Data under study
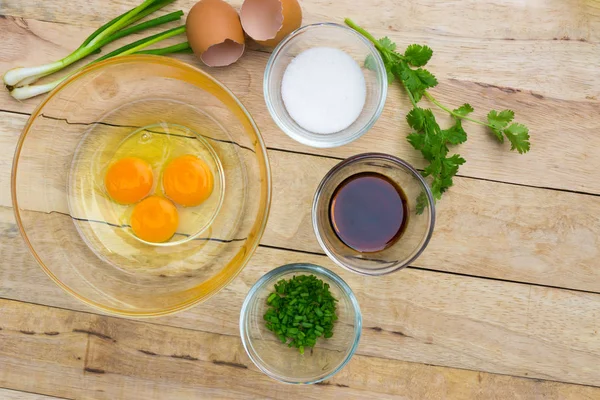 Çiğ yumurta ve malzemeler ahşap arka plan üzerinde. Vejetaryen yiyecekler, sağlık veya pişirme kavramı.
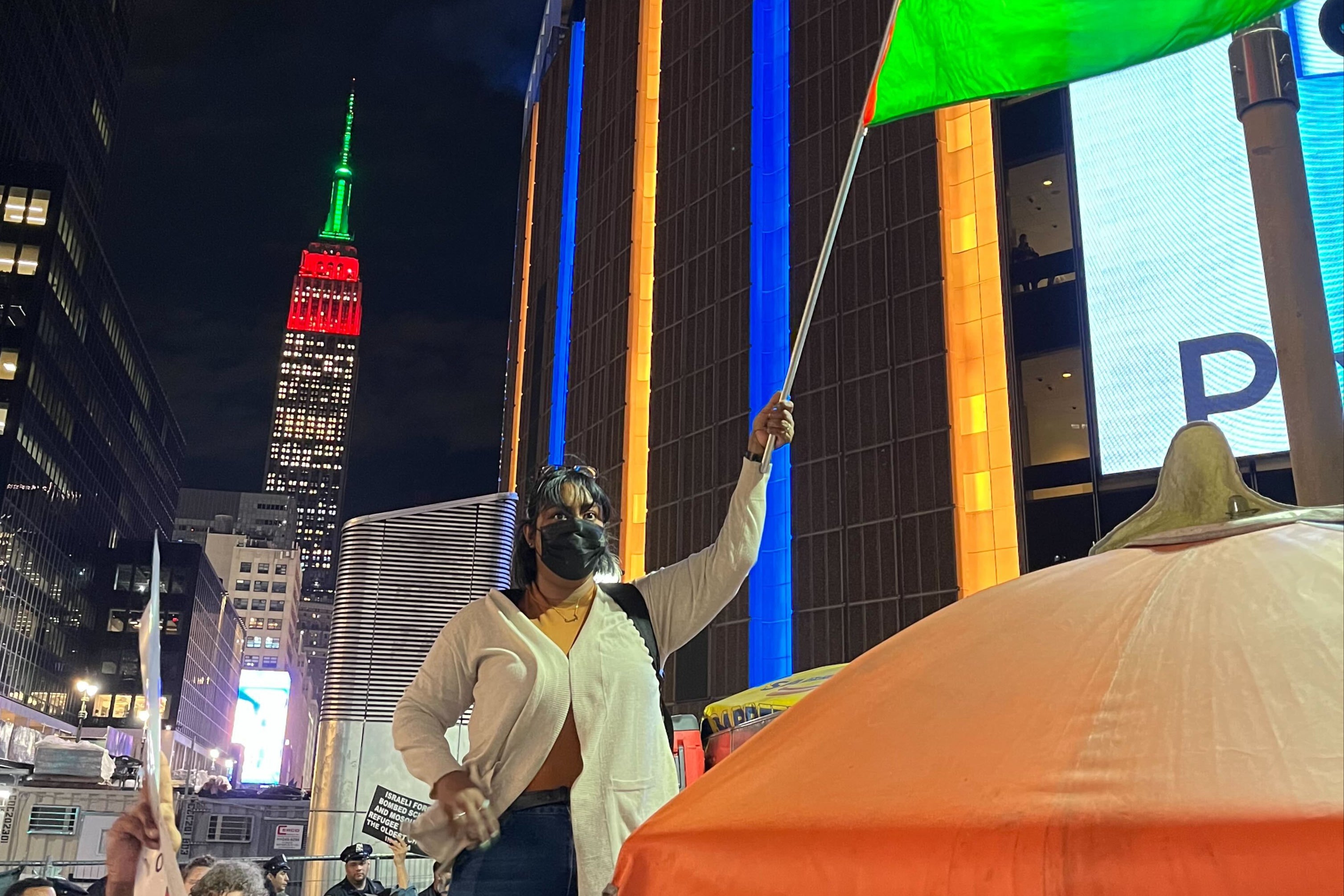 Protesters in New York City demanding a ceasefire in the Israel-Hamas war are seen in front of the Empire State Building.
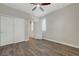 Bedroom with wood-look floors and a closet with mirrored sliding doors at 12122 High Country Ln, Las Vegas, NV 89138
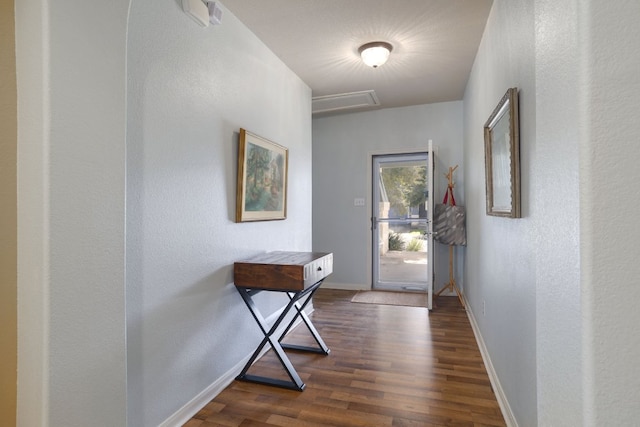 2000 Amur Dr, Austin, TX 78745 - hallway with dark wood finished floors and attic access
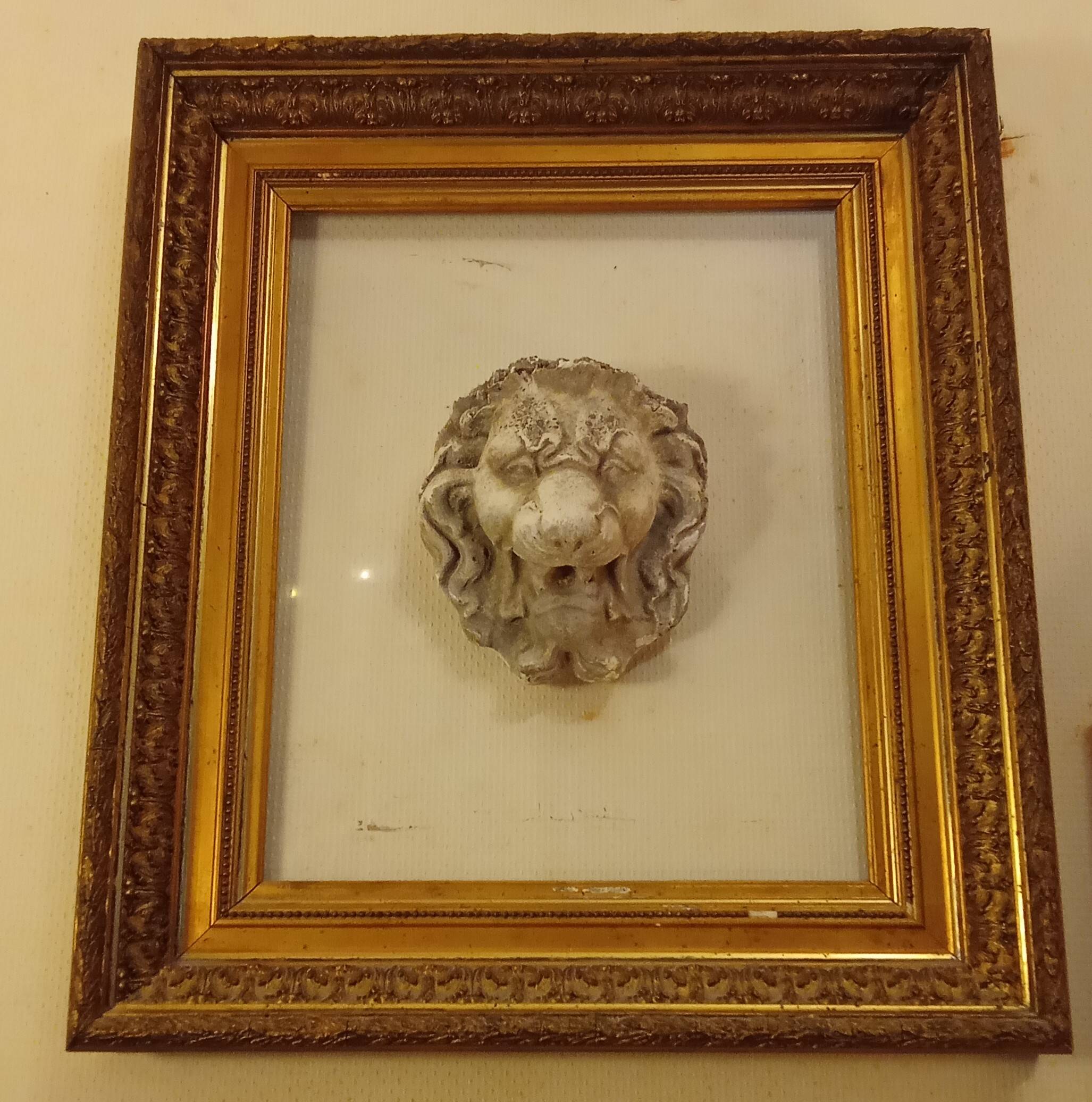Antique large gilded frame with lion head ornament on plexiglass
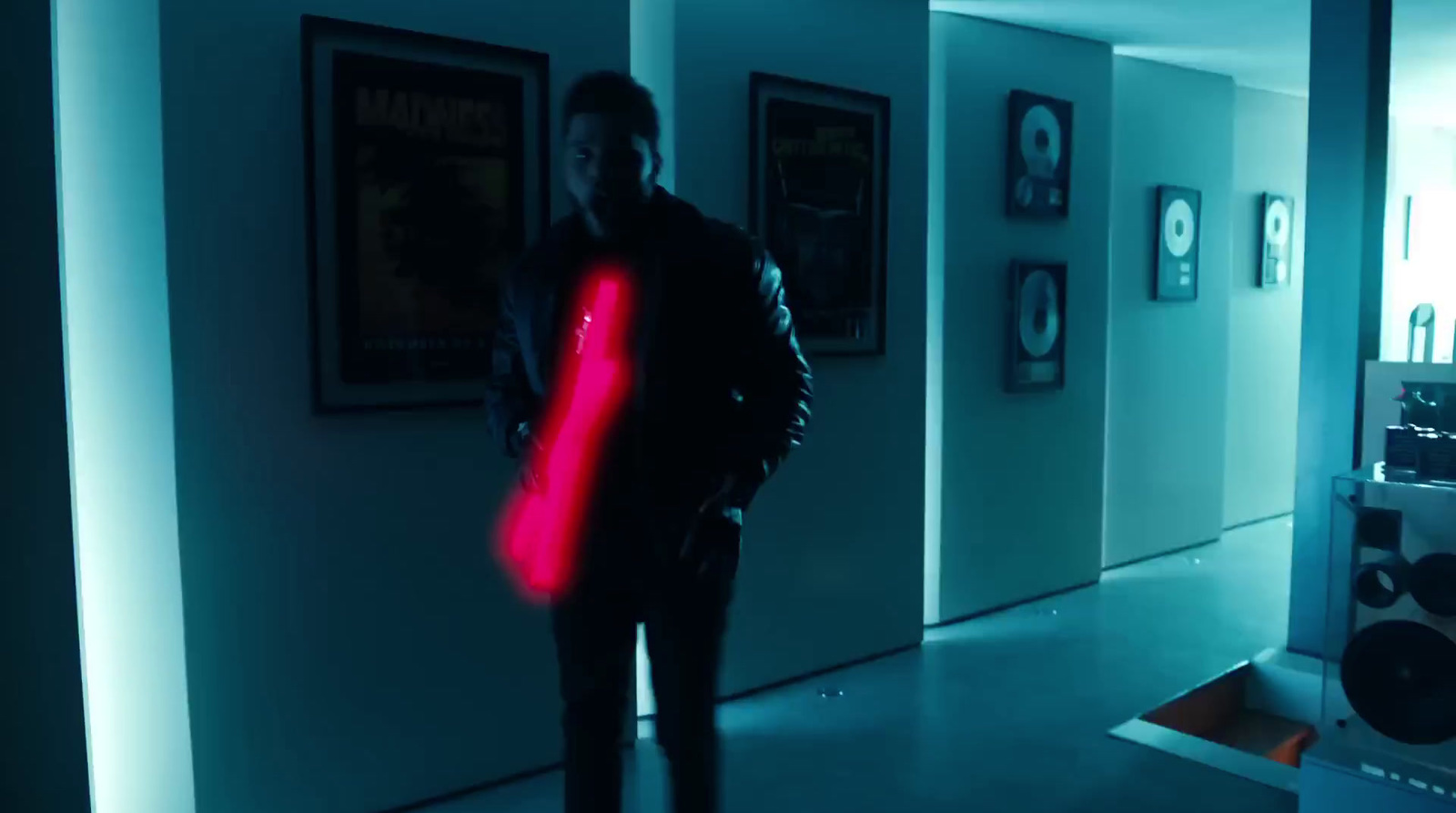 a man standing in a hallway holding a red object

Activity
Give back exactly the lines from the line with "Antique large gilded" through the end of the material above, and omit every picture.

Answer to this task
Antique large gilded frame with lion head ornament on plexiglass
 a man standing in a hallway holding a red object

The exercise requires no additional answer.